Code generation systems like DeepMind’s AlphaCode, Amazon’s CodeWhisperer, and OpenAI’s Codex, which powers GitHub’s Copilot service, offer a tantalizing glimpse of what’s possible with AI in computer programming today. But so far, only a handful of these AI systems have been made freely available to the public and open source, reflecting the commercial incentives of the companies building them.
In a bid to change that, AI startup Hugging Face and ServiceNow Research, the R&D division of ServiceNow, today launched BigCode, a new project that aims to develop “state-of-the-art” AI systems. ” for coding in an “open and accountable” environment. way. The goal is to eventually release a data set large enough to form a code generation system, which will then be used to create a prototype – a 15 billion parameter model, larger than Codex (12 billion parameters) but smaller than AlphaCode (~41.4 billion parameters) — using ServiceNow’s internal graphics card cluster.
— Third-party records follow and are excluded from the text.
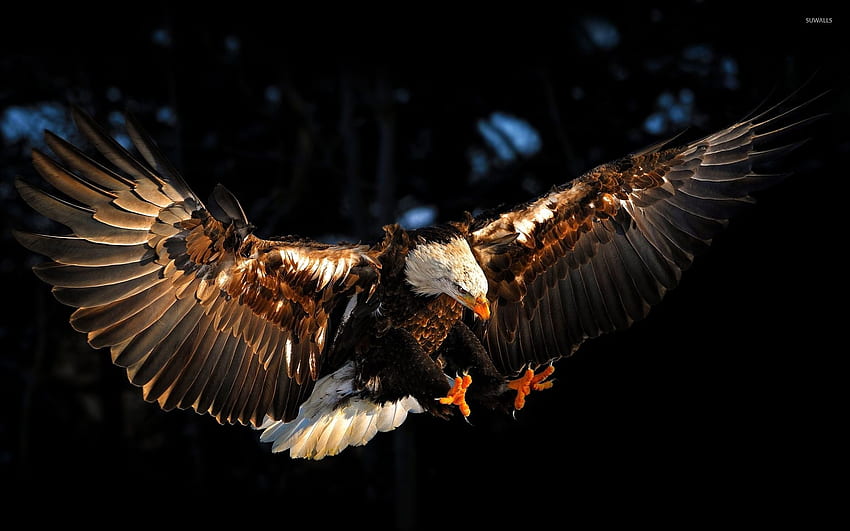 Bald eagle with wings spread - Animal HD wallpaper | Pxfuel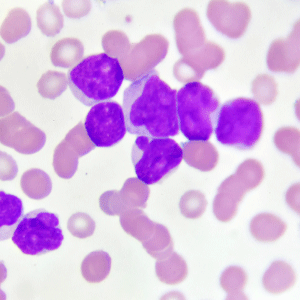 stained-cells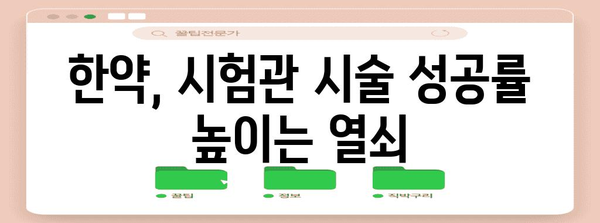 한약으로 임신 준비 | 시험관 시술 성공 확률 향상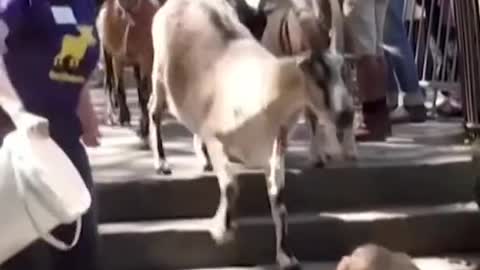 Goats were released in NYC's Riverside Park to feast on weeds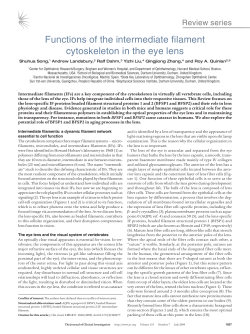 Functions of the intermediate filament cytoskeleton in the eye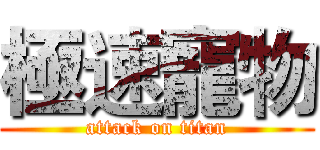 極速寵物 (attack on titan)
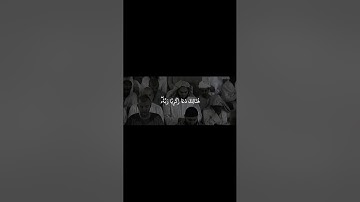 القارئ:ماهر المعيقلي سورة ال عمران #explore #اكسبلور #قران_كريم #quran #قرآن #اكسبلورفولو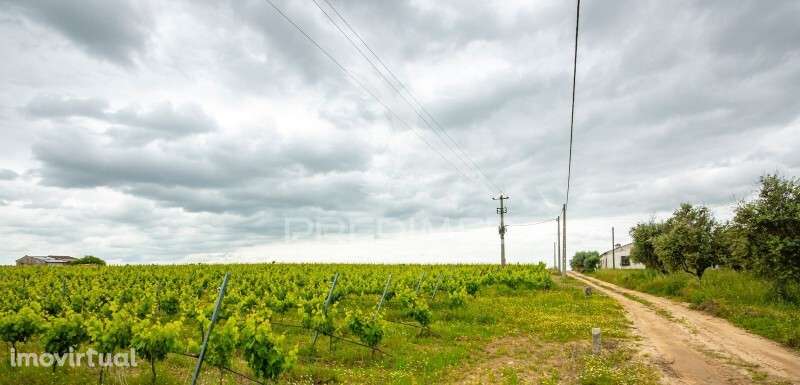 Vinha e Alfaias para venda marque já a sua visita.. - Grande imagem: 4/10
In machine learning, parameters are the parts of an AI system learned from historical training data and essentially define the skill of the system on a problem, such as code generation.
Inspired by Hugging Face’s BigScience efforts to open up highly sophisticated text-generating systems, BigCode will be open to anyone with a professional background in AI research who can commit time to the project, organizers say. The application form was put online this afternoon.
“In general, we expect candidates to be affiliated with a research organization (academic or industrial) and to work on the technical/ethical/legal aspects of [large language models] to code apps,” ServiceNow wrote in a blog post. “Once the [code-generating system] is trained, we will assess his abilities… We will strive to make the assessment easier and broader so that we can learn more about the [system’s] capacities. »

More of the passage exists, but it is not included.